Recently, we have developed an innovative component to our core product-WordPress Business Intelligence. Users can now get real-time, actionable data in a comprehensive dashboard to support a short issue-to-deployment process and continuous improvement of their sites.

We support the seamless delivery of up to 2 billion pageviews per month, on a fleet of 100 machines entirely dedicated to managed WordPress hosting for demanding customers.

We’re currently on our mission to bring the best experience to WordPress publishers around the world. In this journey, Kubernetes facilitates our route to an upcoming standard in high availability WordPress hosting infrastructure.

What was your pre-Prometheus monitoring experience?

We started building our WordPress hosting platform back in 2009. At the time, we were using Munin, an open-source system, network and infrastructure monitoring that performed all the operations we needed: exposing, collecting, aggregating, alerting and visualizing metrics. Although it performed well, collecting once every minute and aggregating once every 5 minutes was too slow for us, thus the output it generated wasn’t enough to properly analyze events on our platform.

Graphite was our second choice on the list, which solved the time challenge addressed by Munin. We added collectd in to the mix to expose metrics, and used Graphite to collect and aggregate it.

Then we made Viz, a tool we’ve written in JavaScript & Python for visualisation and alerting. However, we stopped actively using this service because maintaining it was a lot of work, which Grafana substituted very well, since its first version.

Presslab's Viz

Since the second half of 2017, our Presslabs platform entered a large-scale transition phase. One of the major changes was our migration to Kubernetes which implied the need for a highly performing monitoring system. That’s when we got our minds set on Prometheus which we’re using every since and plan to integrate it across all our services on the new platform as a central piece for extracting and exposing metrics.

Why did you decide to look at Prometheus?

We started considering Prometheus in 2014 at Velocity Europe Barcelona after speaking to a team of engineers at Soundcloud. The benefits they exposed were compelling enough for us to give Prometheus a try.

How did you transition?

We’re still in the transition process, thus we run in parallel the two systems-Prometheus and the Graphite-collectd combo. For the client dashboard and our core services we use Prometheus, yet, for the client sites we still use Graphite-collectd. On top of both there is a Grafana for visualization.

Presslab's Redis Grafana dashboards

The Prometheus docs, Github issues and the source-code were the go-to resources for integrating Prometheus; of course, StackOverflow added some spice to the process, which satisfied a lot of our curiosities.

The only problem with Prometheus is that we can’t get long-term storage for certain metrics. Our hosting infrastructure platform needs to store usage metrics such as pageviews for at least a year. However, the Prometheus landscape has improved a lot since we’re using it and we still have to test possible solutions.

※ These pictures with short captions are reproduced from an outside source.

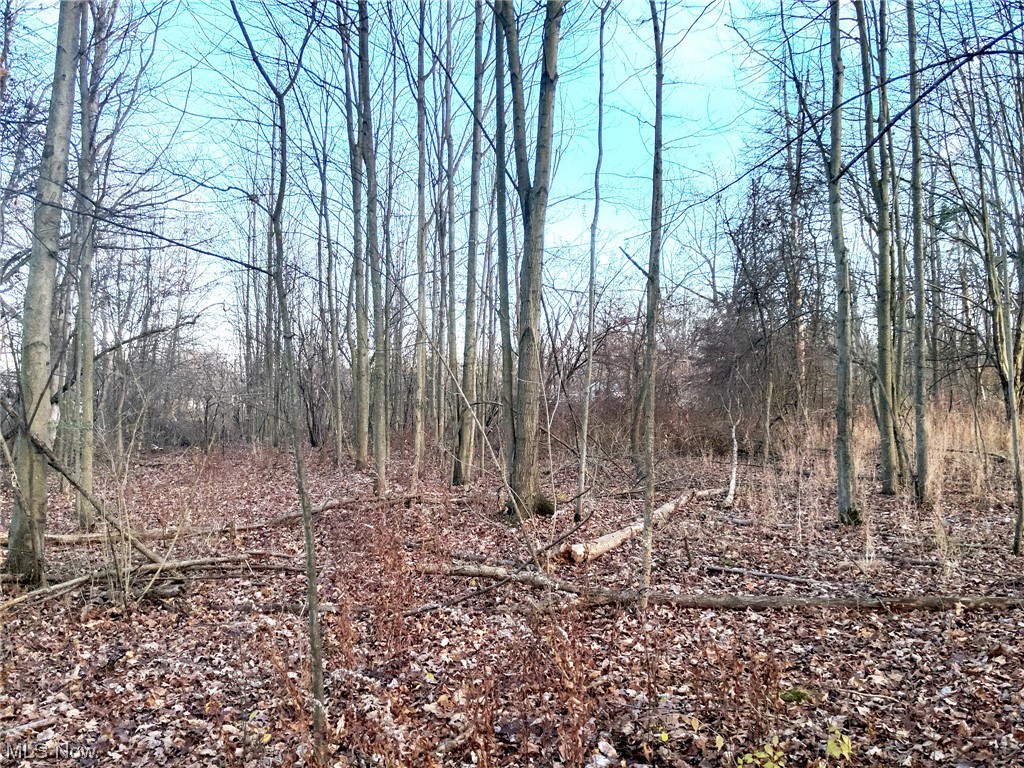 0 South Meridian Road Youngstown, OH 44515 - Photo 21 of 24 View of mother earth's splendor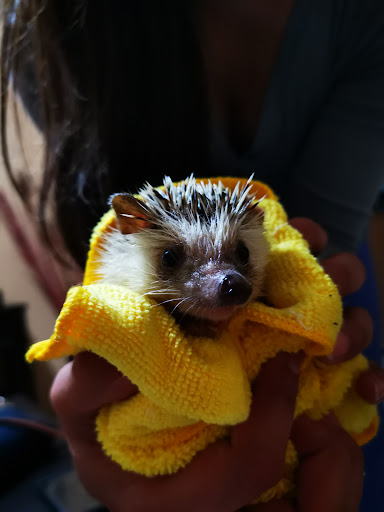 Veterinaria California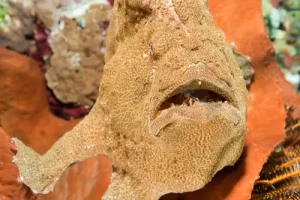 Close-up portrait of a giant frogfish's face showing textured skin during a Komodo diving expedition in the Coral Triangle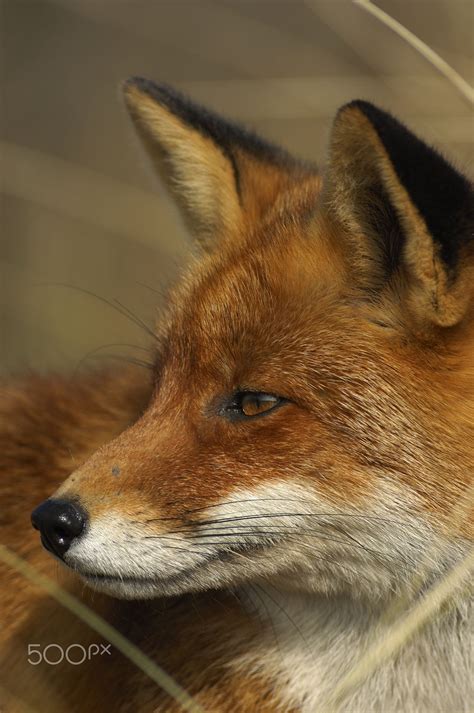 Red Fox By Lblj On 500px Pet Fox Fox Red Fox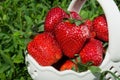 Ripe strawberry on green grass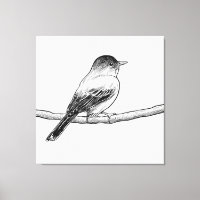 Handgezeichnete Vogeldarstellung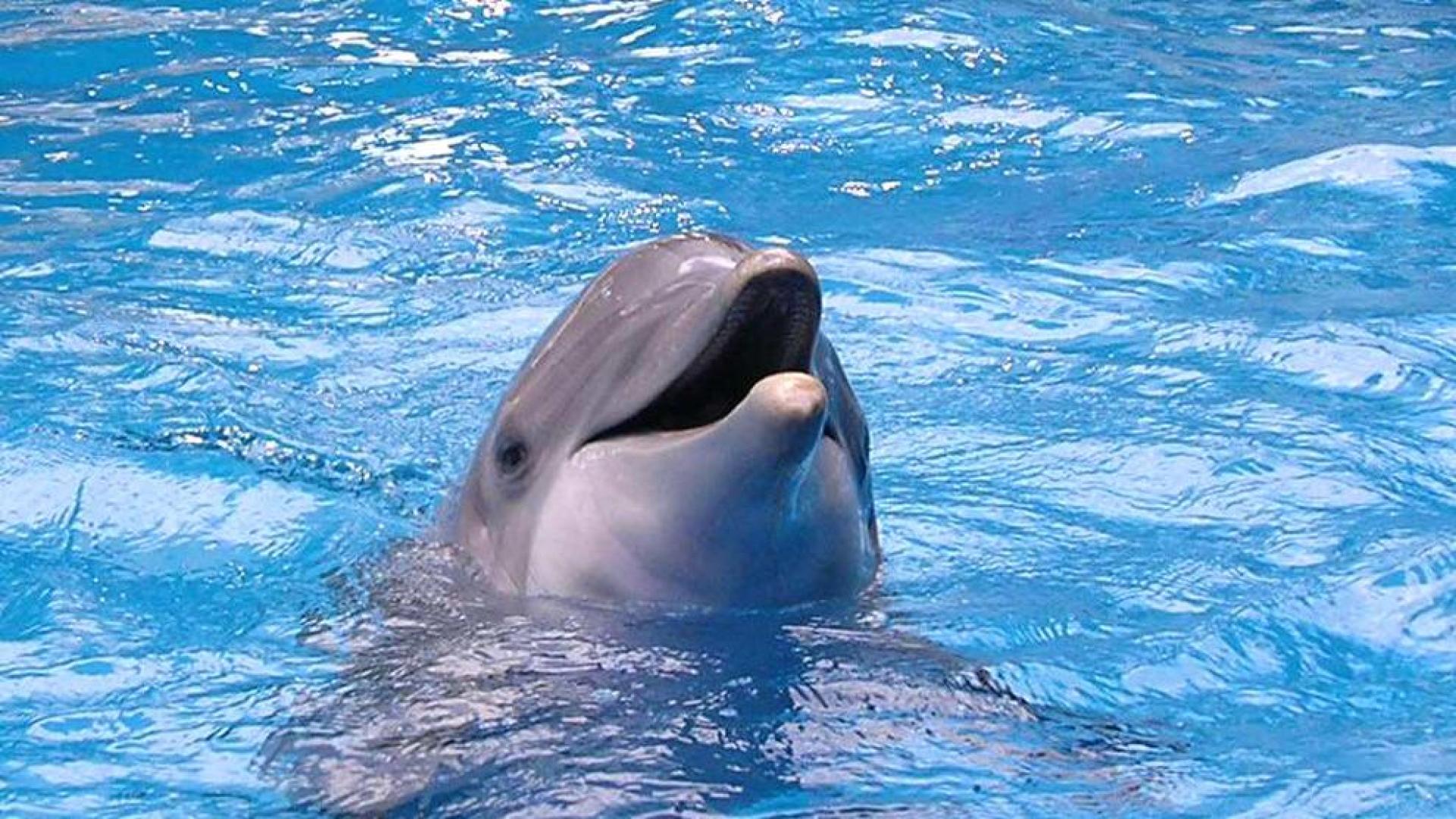 Los delfines, los animales con la memoria m&aacute;s larga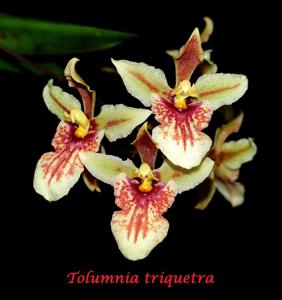 Tolumnia triquetra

What improvements have you seen since switching?

Since switching to Prometheus, we’ve noticed a significant decrease in resource usage, compared to any other alternative we’ve used before. Moreover, it’s easy to install since the auto-integration with Kubernetes saves a lot of time.

What do you think the future holds for Presslabs and Prometheus?

We have big plans with Prometheus as we’re working on replacing the Prometheus Helm chart we use right now with the Prometheus Operator on our new infrastructure. The implementation will provide a segregation of the platform customers as we are going to allocate a dedicated Prometheus server for a limited number of websites. We’re already working on that as part of our effort of Kubernetizing WordPress.

We are also working on exporting WordPress metrics in the Prometheus format. Grafana is here to stay, as it goes hand in hand with Prometheus to solve the visualisation need.